Now, what do you suppose Paul used to prove that Jesus was the Christ? He used the Old Testament prophecies, just like the other apostles did. Since Paul was a Pharisee, he knew the Old Testament scriptures as well as anyone, and God put that knowledge to good use. Paul started his letter to the Romans by saying:
Romans 1:1-4 (NKJ)
1 Paul, a bondservant of Jesus Christ, called to be an apostle, separated to the gospel of God
2 which He promised before through His prophets in the Holy Scriptures,
3 concerning His Son Jesus Christ our Lord, who was born of the seed of David according to the flesh,
4 and declared to be the Son of God with power according to the Spirit of holiness, by the resurrection from the dead.
Though Paul was called to be a great apostle, he viewed himself as a bondservant. He followed Christ’s example of humility. As Paul went out as the bondservant-apostle, he went out preaching the gospel of God which God had promised through His prophets in the Holy Scriptures.

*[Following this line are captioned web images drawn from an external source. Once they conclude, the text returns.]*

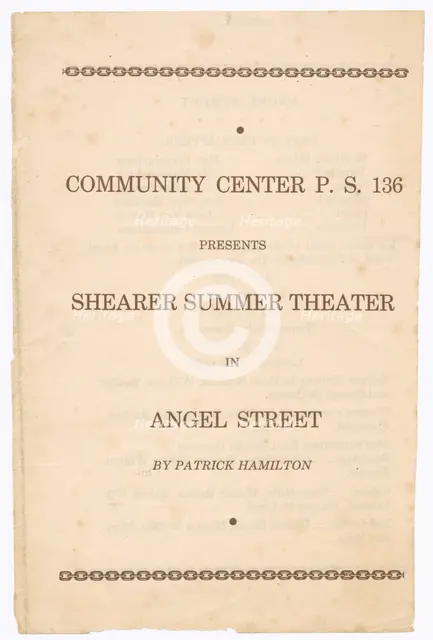 Programme for the Shearer Players' production of Angel Street, 1951. Creator: Unknown.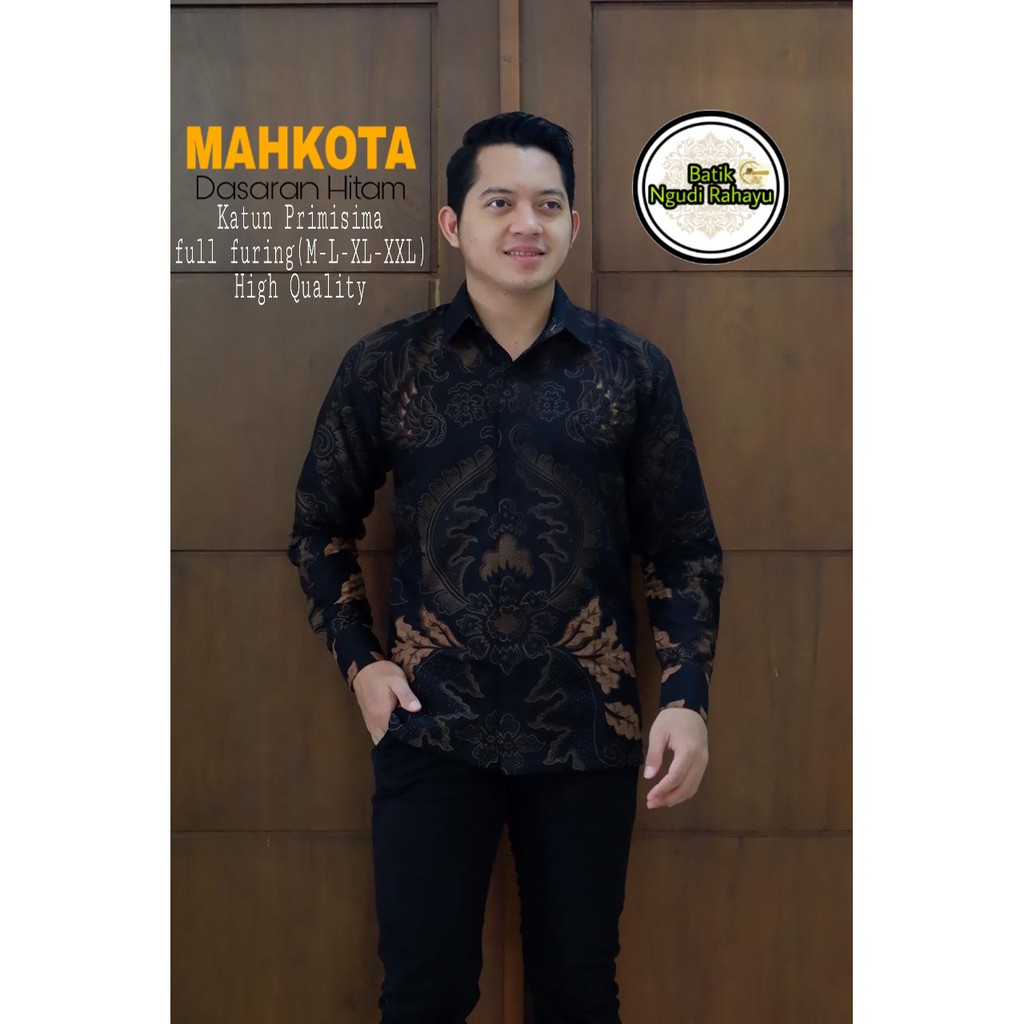 MAHKOTA ATASAN KEMEJA BATIK PRIA LENGAN PANJANG FULL FURING M L XL XXL JUMBO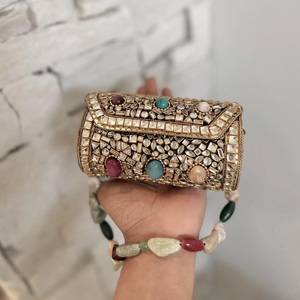 Handcrafted Plated Mosaic Clutch <b>Sling</b> <b>Bag</b> with <b>Waterproof</b> Metal Bohemian Letter Design Winter Fashion Women's Gifts - Product Image 4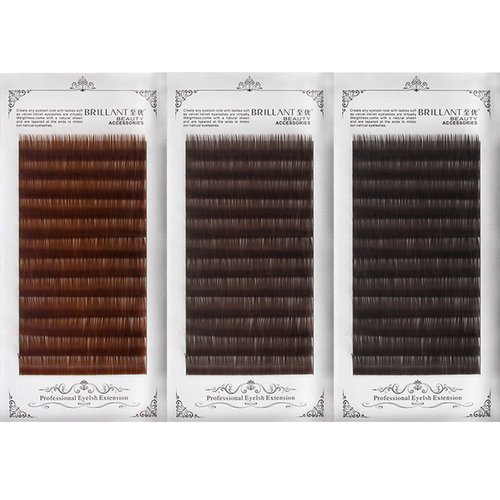 Scala Thickness 0.10mm C Curl Light Brown/Dark Brown/Black-Brown False lashes Individual Eyelash Extension Natural False Eyelashes (10mm, Dark Brown)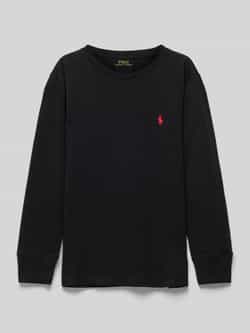 Polo Ralph Lauren Teens Shirt met lange mouwen ronde hals en labelstitching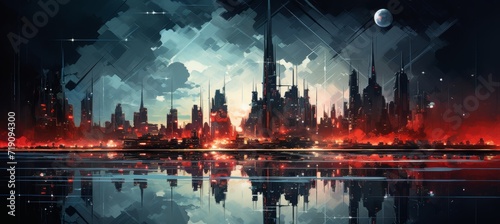 painting of futuristic city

It’s noteworthy that this statement by Paul was written in his letter to the Romans. It’s noteworthy because Romans is one of Paul’s Acts-period epistles. During the Acts period, Paul revealed truths which were in fact hidden in the Old Testament scriptures.
Like Peter, Paul taught that Jesus had been raised from the dead and exalted in heaven in accordance with Messianic prophecy. However, Paul went on beyond this message to reveal that the blood of Jesus was actually the blood of atonement which secures the salvation of all those who believe in Jesus. In other words, Paul revealed the mechanism by which God is able to forgive the sin of all those who believe.
Paul said that when Jesus went into the temple in heaven to place His blood on the mercyseat, God accepted that blood as the payment for all sin, and he said that any person who puts his faith in that blood is automatically justified in the sight of God.
This is the third great revelation that God has given to mankind. The first was the Law which was given through Moses. The second was the very person of Jesus Christ, and the third is that which was given to Paul regarding the grace of God.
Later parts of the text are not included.